Use polar coordinates. First, generate the distance from center of the circle as number in interval [0, r). Then, generate the angle as number in interval [0, 2*pi).
The problem with the method described is that half of such points would lie within distance r/2 from the center, but that is only 1/4 of the surface of the whole circle.
(Anyways, how can one come up with such argument or know for certain there isn't one? It is obvious when it is stated, but I cannot imagine coming up with it myself; I'd just accept the method as correct.)
Random Date
randomdate = startdate + new TimeInterval(
days: random(from: 0 to: (enddate - startdate).days)
hours: random(from: 0 to: 23)
minutes: random(from: 0 to: 59)
)
When proving uniform distribution of values, what exactly am I trying to prove (how come that in the circle example I have to think of area density, which is not necessary in the date example) and how do I go about it, in a general case?

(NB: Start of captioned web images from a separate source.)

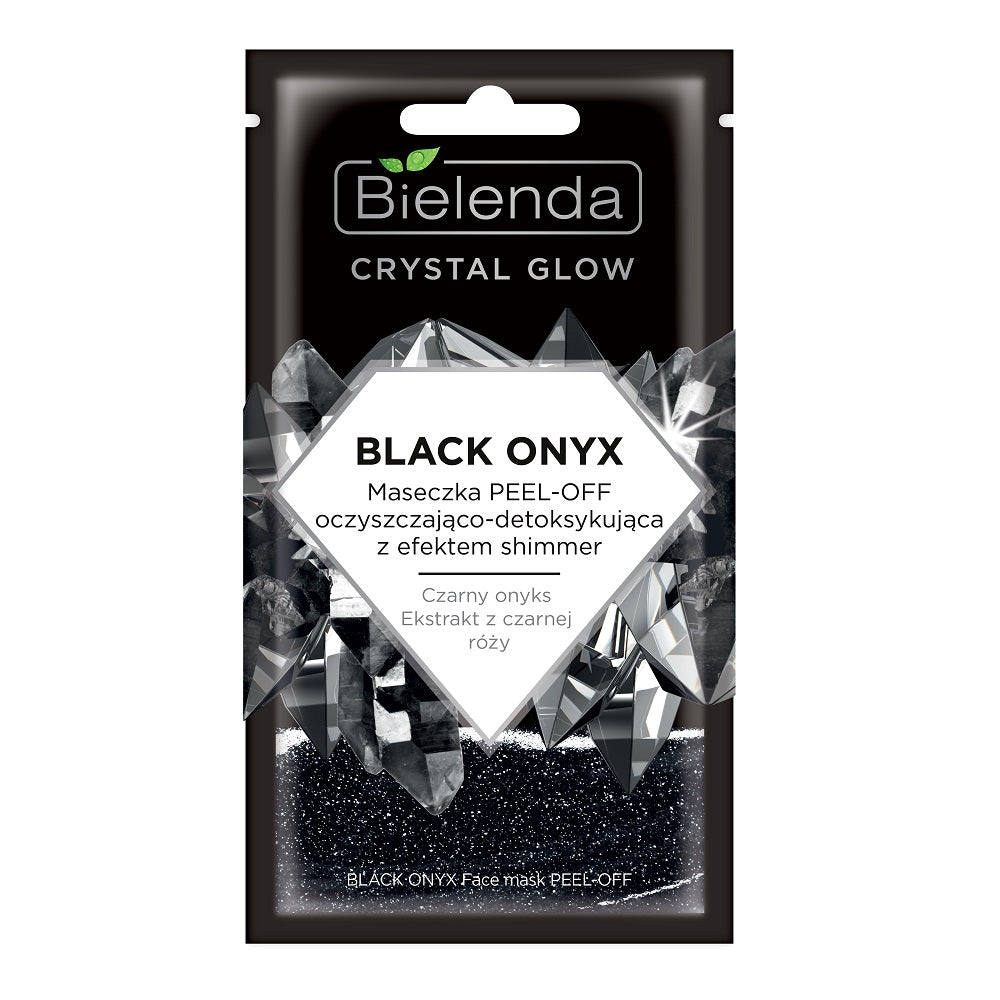 Bielenda Crystal Glow Black Onyx очищающая и детоксицирующая маска-пленка с мерцающим эффектом 8г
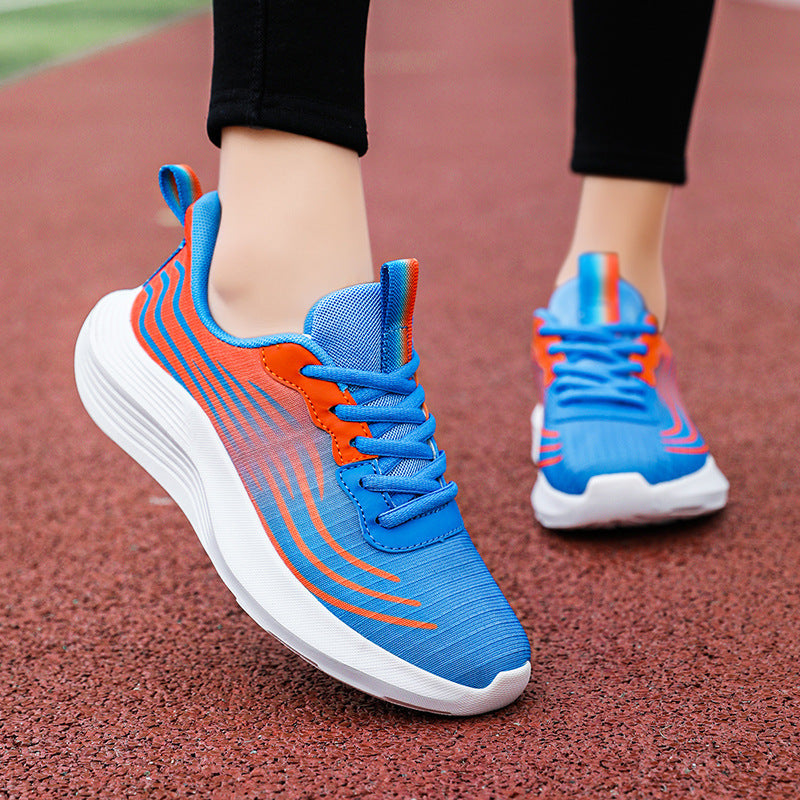 Damen Sportliche Leichtgewicht-Laufschuhe mit dämpfender Sohle EB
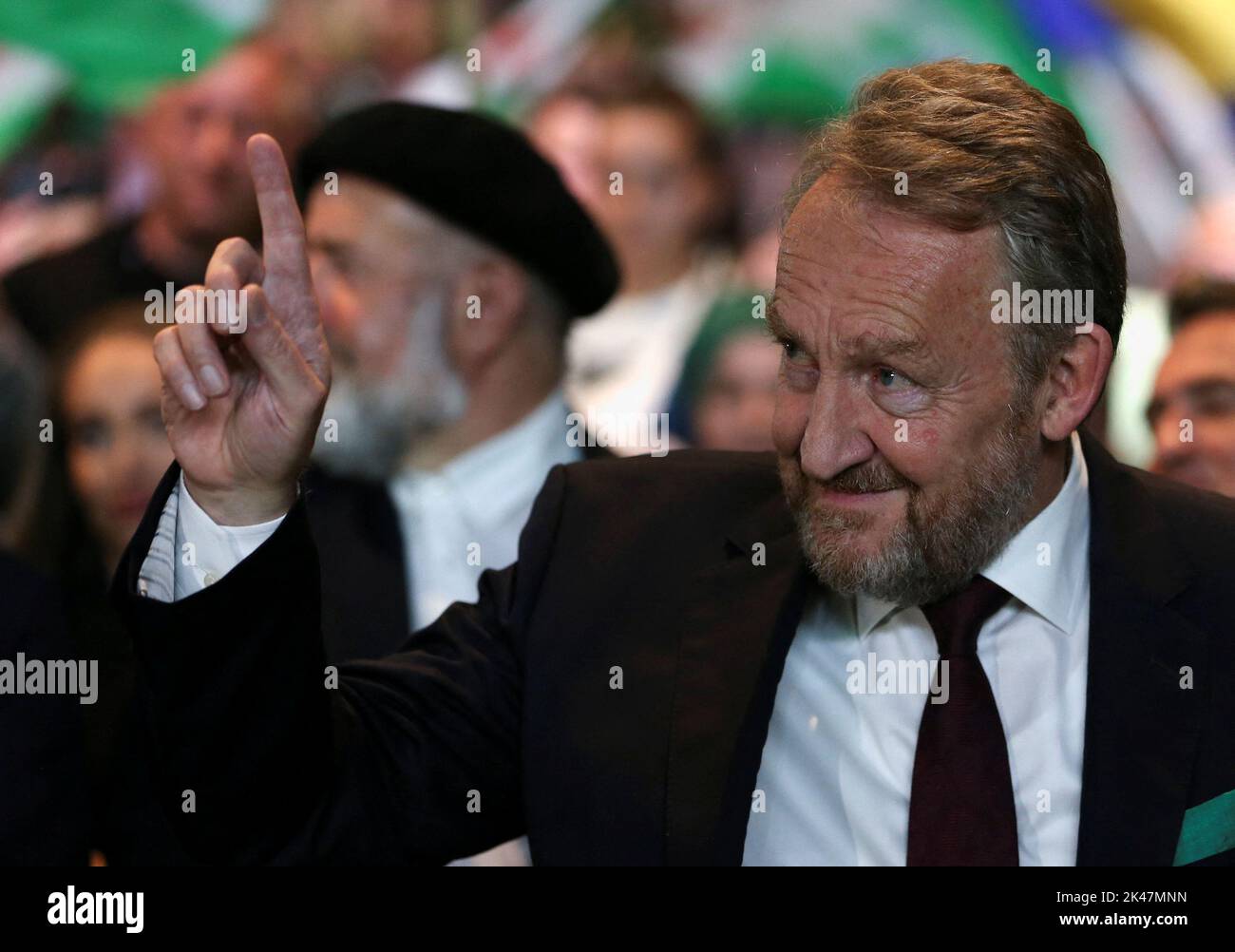 Bakir Izetbegovic of the Party of Democratic Action and Bosniak candidate of the Tri-partite Bosnian Presidency attends a final rally in Sarajevo, Bosnia and Herzegovina, September 30, 2022.REUTERS/Dado Ruvic Stock Photo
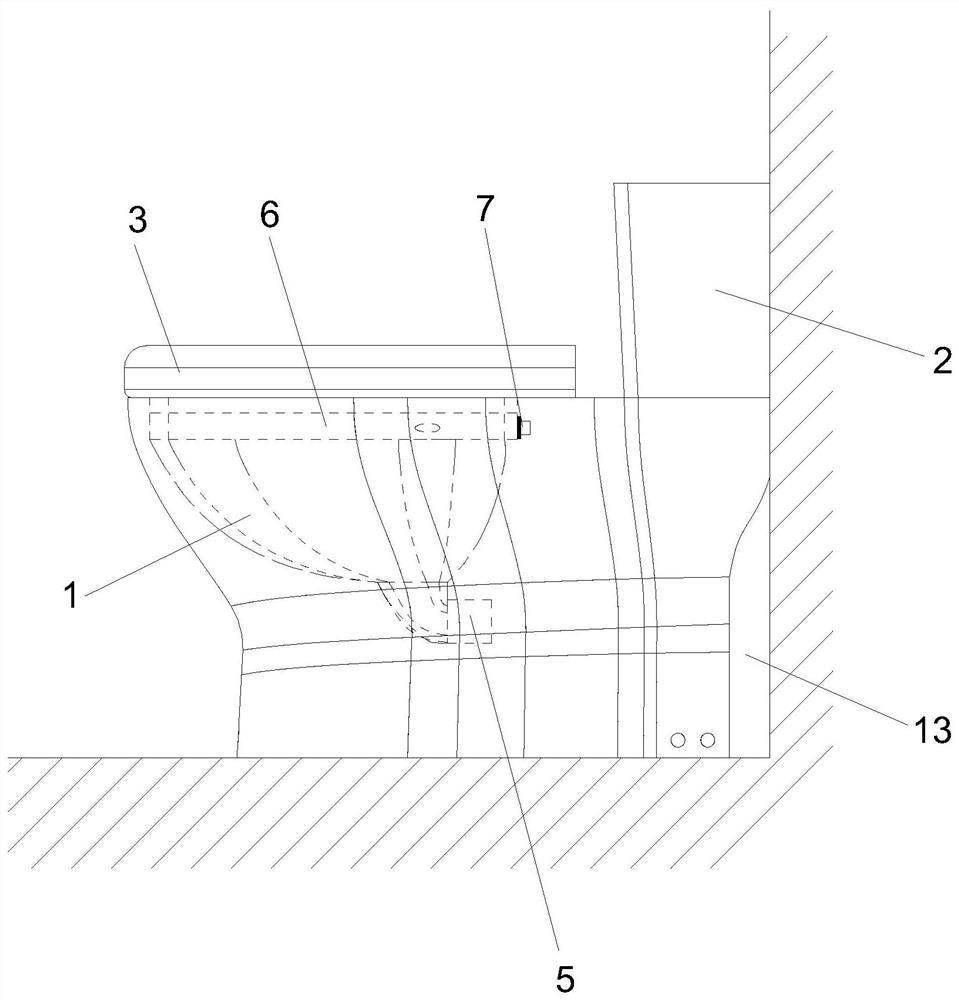 一种真空马桶用马桶体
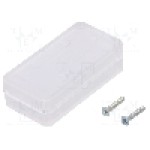 Carcasa ABS, 25mmx50mmx15mm, IP54, HAMMOND - 1551BCLR Carcasa ABS, 25mmx50mmx15mm, IP54, HAMMOND - 1551BCLR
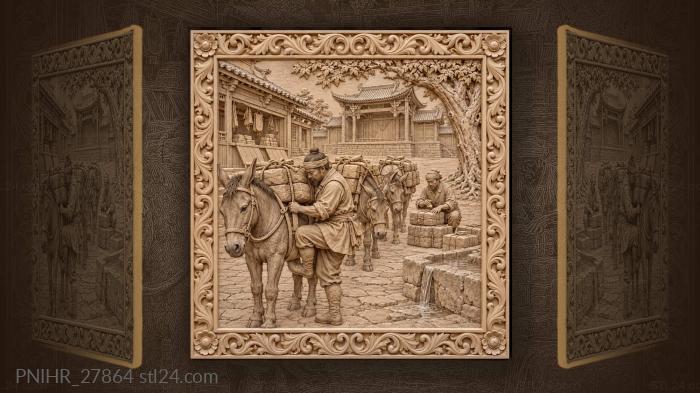 Shaxi tea horse market bustle 3d STL model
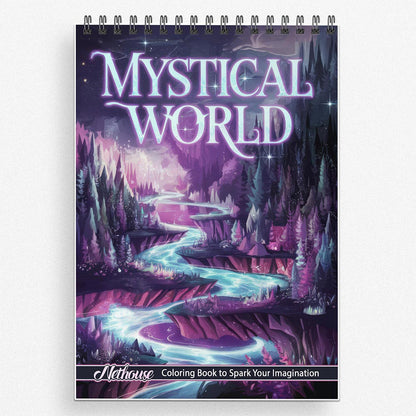 NETHOUSE Mystical World Coloring Book For Adults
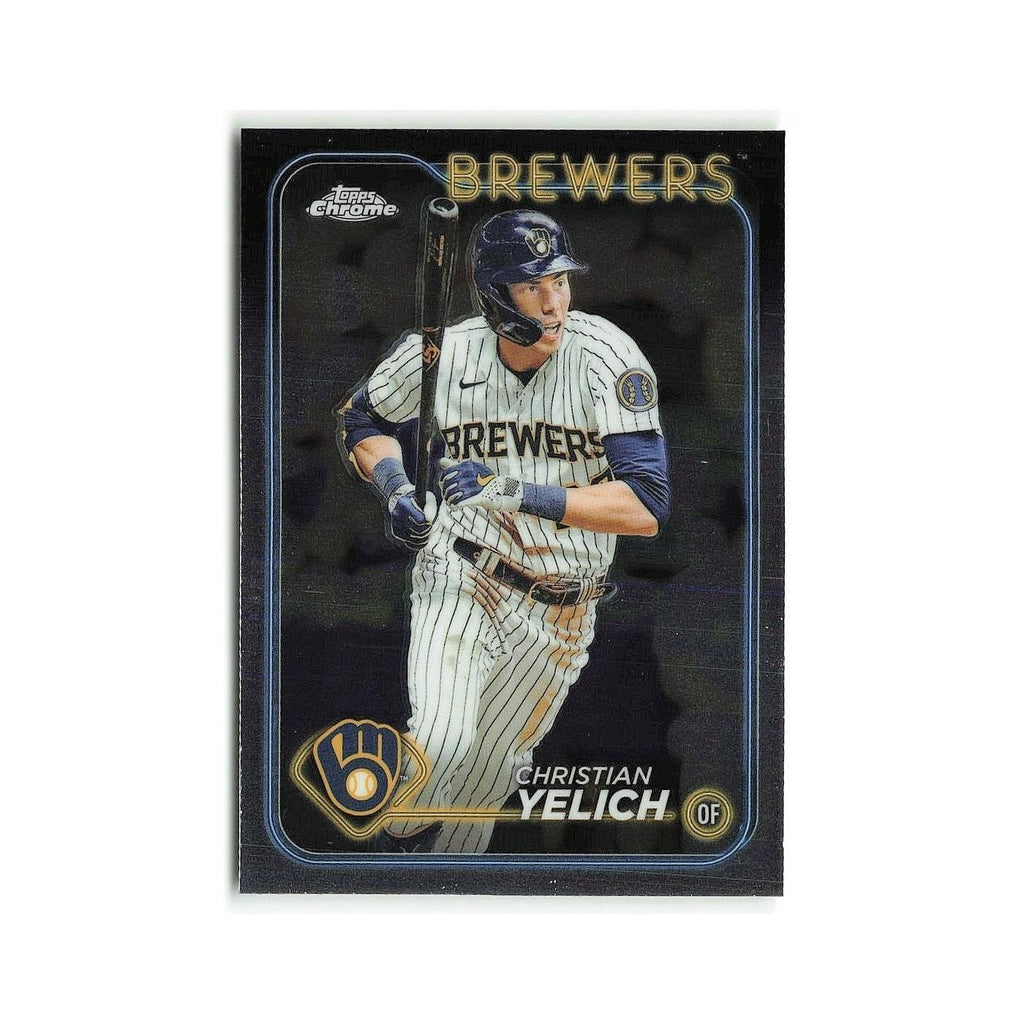 Christian Yelich 2024 Topps Chrome #253 Milwaukee Brewers Baseball Card NM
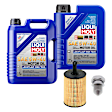 2012 Audi A3 - 4-Piece Kit Synthetic Motor Oil, Includes (1) Oil Filter, (2) Motor Oil and (1) Oil Drain Plug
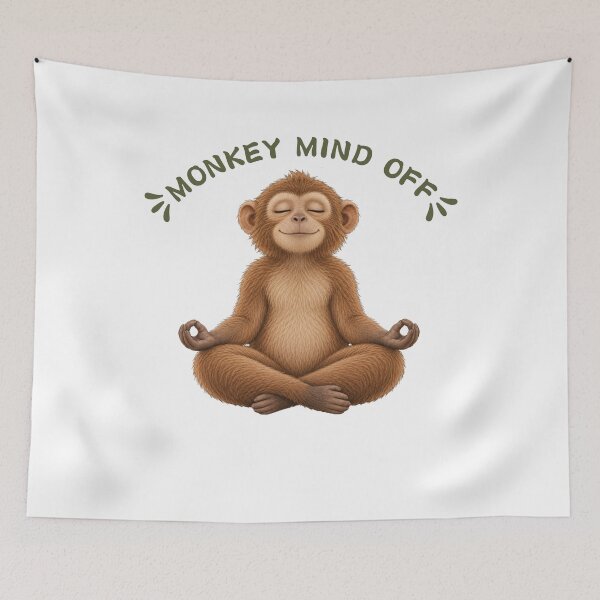 Item preview, Monkey Mind Off, yoga lovers designed and sold by gomood.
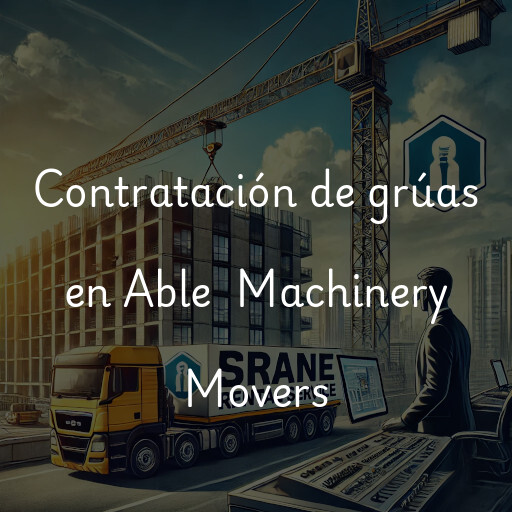 Contratación de grúas en Able  Machinery Movers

In the nonuniform point-in-circle example, what you do is take a uniform distribution of points on the rectangle $[0, R) \times [0, 2 \pi)$, and map them into the disc using the map $$ f(r, \theta) = (r \cos \theta, r \sin \theta).$$ The Jacobian of this map measures how "dense" the image is at a point compared to the source: we have $$ |D_f(r, \theta)| = \left \lvert \begin{matrix} \frac{\partial f_1}{\partial r} & \frac{\partial f_1}{\partial \theta} \\ \frac{\partial f_2}{\partial r} & \frac{\partial f_2}{\partial \theta} \end{matrix} \right \rvert = \left \lvert \begin{matrix} \cos \theta & -r \sin \theta \\ \sin \theta & r \cos \theta \end{matrix} \right \rvert = r (\cos^2 \theta + \sin^2 \theta) = r $$ and so there is a "stretch factor" independent of the angle, but proportional to the distance from the centre. A way to think about this is that if there was a 1cm coating of paint on the original rectangle $[0, R) \times [0, 2 \pi)$, and then we applied $f$, the paint on the resulting disc would only be $1/r$ cm thick at the point $(r \cos \theta, r \sin \theta)$.
A way to fix this is to use a modified map, corrected for this. For example, if we take $$ g(r, \theta) = (\sqrt{r} \cos \theta, \sqrt{r} \sin \theta) $$ then we find $$ |D_g(r, \theta)| = \left \lvert \begin{matrix} \frac{\partial g_1}{\partial r} & \frac{\partial g_1}{\partial \theta} \\ \frac{\partial g_2}{\partial r} & \frac{\partial g_2}{\partial \theta} \end{matrix} \right \rvert = \left \lvert \begin{matrix} \frac{\cos \theta}{2 \sqrt{r}} & -\sqrt{r} \sin \theta \\ \frac{\sin \theta}{2 \sqrt{r}} & \sqrt{r} \cos \theta \end{matrix} \right \rvert = \frac{1}{2} (\cos^2 \theta + \sin^2 \theta) = \frac{1}{2} $$ And so we get an even distribution of paint (onto disc of radius $\sqrt{R}$, rather than $R$).